Para mi sorpresa, me dejaron entrar sin armarme un escándalo. Ni siquiera me preguntaron por qué llegaba tan pronto. Al contrario, mi madre me dio un fuerte abrazo y mi padre me dijo:

—Ve a echarle un vistazo al equipaje que te hemos hecho, ¿de acuerdo? Todavía te quedan cosas por recoger, pero hemos adelantado trabajo.

Les estaba tan agradecida que me habría echado a llorar. Entré en mi habitación, ansiosa por encontrar un poco de paz y tranquilidad en un lugar seguro.

Solo quedaban unas cuantas prendas de abrigo colgadas en el armario. Todo lo demás lo habían embutido en el viejo baúl de cuero de mi padre. Le eché un rápido vistazo a mi neceser y vi maquillaje, pasadores para el pelo, champú y todo lo demás cuidadosamente colocado. La mayoría de mis libros se quedarían allí, tenía demasiados para las escasas estanterías de nuestro dormitorio. Sin embargo, había separado mis preferidos para meterlos en la maleta: Jane Eyre, Cumbres borrascosas y mis libros de astronomía.

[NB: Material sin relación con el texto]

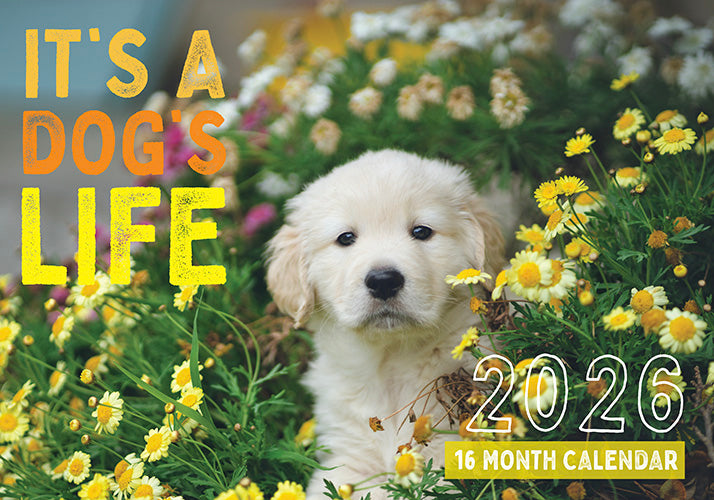 2026 It’s a Dog’s Life Rectangle Wall Calendar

En una de las almohadas, sobre la cama hecha, había varias cosas con que decorar las paredes de mi nuevo dormitorio, como postales que mis amigos me habían enviado a lo largo de los años y algunos mapas estelares que tenía colgados en nuestra antigua casa. Sin embargo, también había algo nuevo en la habitación, algo con lo que mis padres pretendían asegurarme que éste también seguía siendo mi hogar: una pequeña lámina enmarcada de
El beso
, de Klimt. Hacía unos meses la había visto en un escaparate y les había dicho lo mucho que me gustaba. Por lo visto me la habían comprado para entregármela a modo de regalo sorpresa el primer día de escuela.

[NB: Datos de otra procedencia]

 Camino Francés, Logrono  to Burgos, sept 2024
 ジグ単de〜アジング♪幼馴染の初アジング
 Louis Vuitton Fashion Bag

Al principio simplemente me sentí agradecida por el regalo, pero luego no pude dejar de mirar la lámina ni sacudirme de encima la sensación de que nunca me había detenido a mirarla de veras.

El beso
era una de mis obras preferidas. Klimt siempre me había gustado desde que mi madre me enseñó por primera vez sus libros de arte. Era sorprendente cómo conseguía los dorados de los segmentos y las líneas, y me gustaba la belleza de esos rostros pálidos que asomaban en las imágenes caleidoscópicas que creaba. Sin embargo, de repente la lámina había cobrado otro significado. Nunca había prestado demasiada atención al modo en que la pareja se abrazaba: el hombre se inclinaba hacia ella, desde lo alto, como si una fuerza inexorable lo empujara hacia la mujer. Ella tenía la cabeza echada hacia atrás, como en un desvanecimiento, abandonándose a la fuerza de la gravedad. Los labios resaltaban sobre la palidez de la piel ruborizada. No obstante, lo más bello de todo era que el fondo rutilante había dejado de parecer algo ajeno al hombre y la mujer, era como si se tratara de una cálida y densa bruma que su amor hacía visible y que convertía en oro el mundo que los rodeaba.